I thought it discreet to avoid further mention of my kids, but Becky would have none of that. She immediately began treating my kids like she was their long-lost aunt, and often asked how they were doing and offered them advice.

“Ryan! So great to see you!” Becky exclaimed as she greeted my son at the O’Reilly Security Conference in the fall of 2016. After conversing with Ryan, whom she’d known for more than 15 years, about his job at Ipsos, she turned to me and asked, “So how’s our girl?” referring to my daughter, Caitlin, who at age 8 served as Becky’s clerk on stage at that first Hacker Court.

Over the years, Becky has inspired Caitlin a great deal—and expected great things from her. I told her Caitlin was now a software developer at Unium, and she proceeded to discuss the company’s technology and prospects. She knew everything about the business.
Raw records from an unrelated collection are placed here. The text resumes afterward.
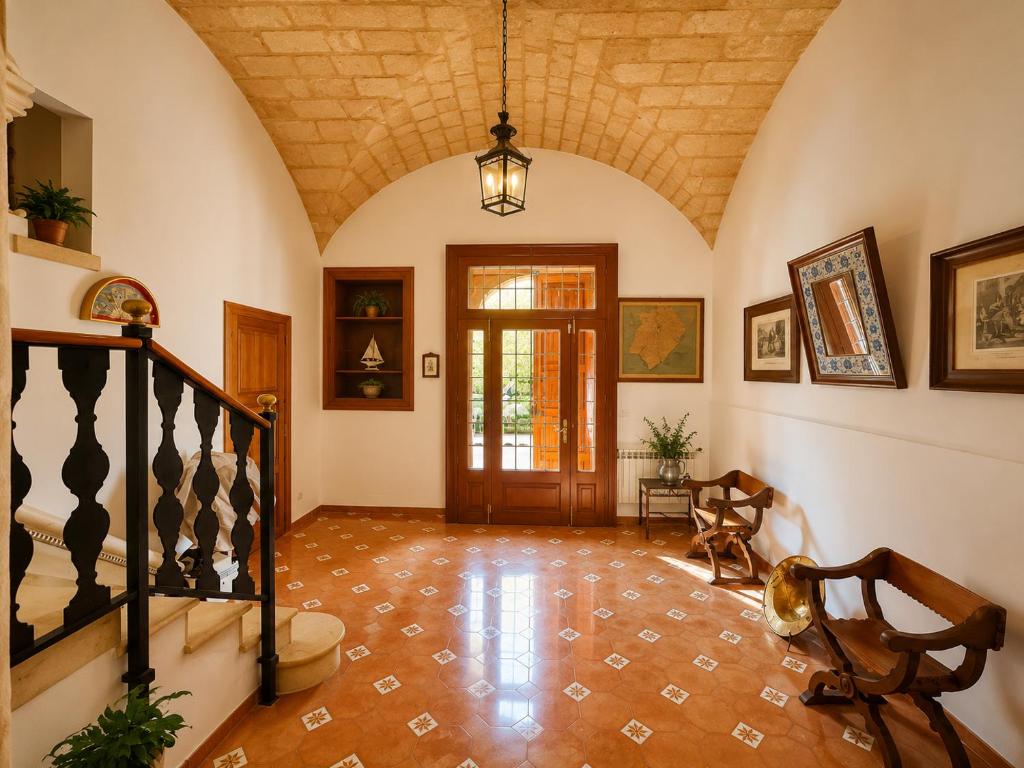 a living room with a staircase and a ceiling at Sa Torre - Casa Mallorquina con encanto in Campos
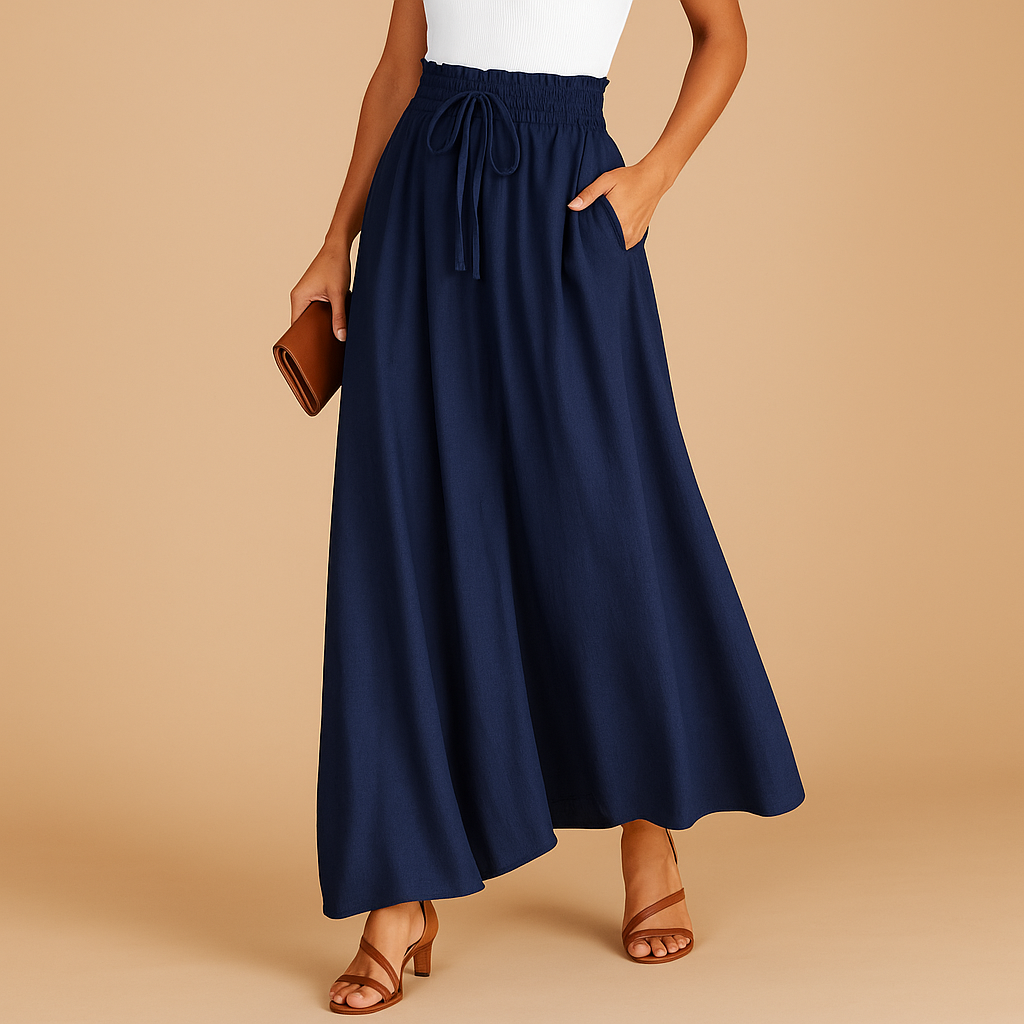 Women’s high-waisted wide-leg trousers with elastic waistband and modern chic cut, perfect for work or casual days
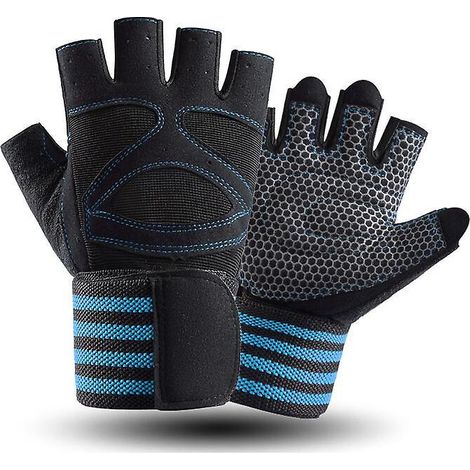 une Paire De Gants De Fitness Bleus M Respirants Pour Hommes Et Femmes. Protection Complte De La Paume Pour L'haltrophilie, L'entranement, Le Fitn (1/5)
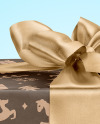 Kraft Gift Box with Metallic Tape Mockup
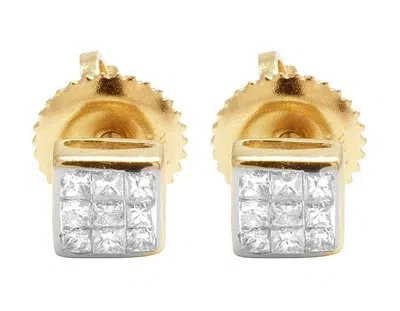 Pre-owned Jewelry Unlimited 14k Yellow Gold Invisible Princess Square Real Diamond Stud Earrings .25ct 4mm
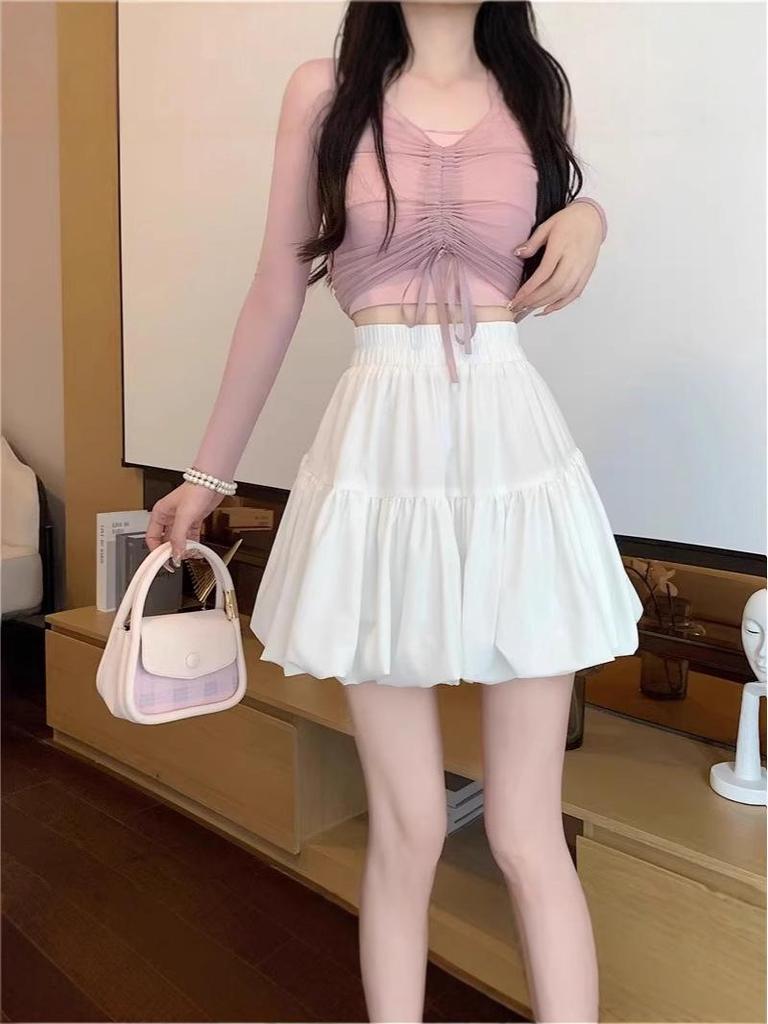2026 Spring/Summer Women's White High-Waisted A-Line Tulip Skirt – Anti-Exposure, Slimming, Petite/Tall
Becky loved to laugh, and she loved incongruities. She described herself as a “redneck Japanese from Alabama,” a fact she found amusing. She loved to send up stereotypes and laughed with the Hacker Court team as we came up with ridiculous, implausible scenarios for cybercrime cases.

She often referred to the movie My Cousin Vinny when we worked on our mock trials, and particularly enjoyed this line delivered by Joe Pesci as the title character Vinny Gambini: “Hey, Stan, you’re in Ala-fuckin’-bama. You come from New York. You killed a good ol’ boy. There is no way this is not going to trial!”

Becky’s humorous common sense, kindness, and formidable knowledge was a refreshingly contrasted change from the snake-oil salesmenship and fraud in this industry.  She genuinely cared about people and made many feel as if they were particularly special to her.

Soon after I lost my mother in early 2014, Becky reached out to ask if I’d be on a panel at RSA. When I declined, she sent me the following email, which I think is particularly appropriate to share now:

I can so relate to the stressors you’re weathering right now. When my dad left us, I was still on the West Coast, and spent so much of the year following his demise juggling work and travel to and from AlabamaFWIW, it’s survivable, but I remember the stress levels all too well. As for your dad, it was amazing to me how the local community closed ranks behind my mother and siblings, providing moral support and other more substantial offeringsI hope that the same will kick into action for him and the rest of your family. It’s a non-trivial transition and you’re entitled to be overwhelmed by it all (and to be cut a non-trivial amount of slack to allow you to grieve and resolve the loss.) 

Getting to know Becky widened my circle of contacts more than any social-media platform I’ve ever used. She knew everyone and loved to connect people to see what would come of it. It was fitting that she worked with Trident Capital as a venture consultant—she knew the people, and she knew the technology, and there was no one who was better at making those connections.

Becky Bace is no longer with us, but her work—and many of the relationships and projects she incubated and encouraged—live on.

The best way to honor her memory is to pass the torch. Make those introductions for people who are new in the field. Take the time to provide counsel. Be kind and caring. Work your ass off, even when people disparage you. Be eclectic, and don’t fit into any particular slot. You can only be cutting-edge if you throw out the box.

Be like Becky.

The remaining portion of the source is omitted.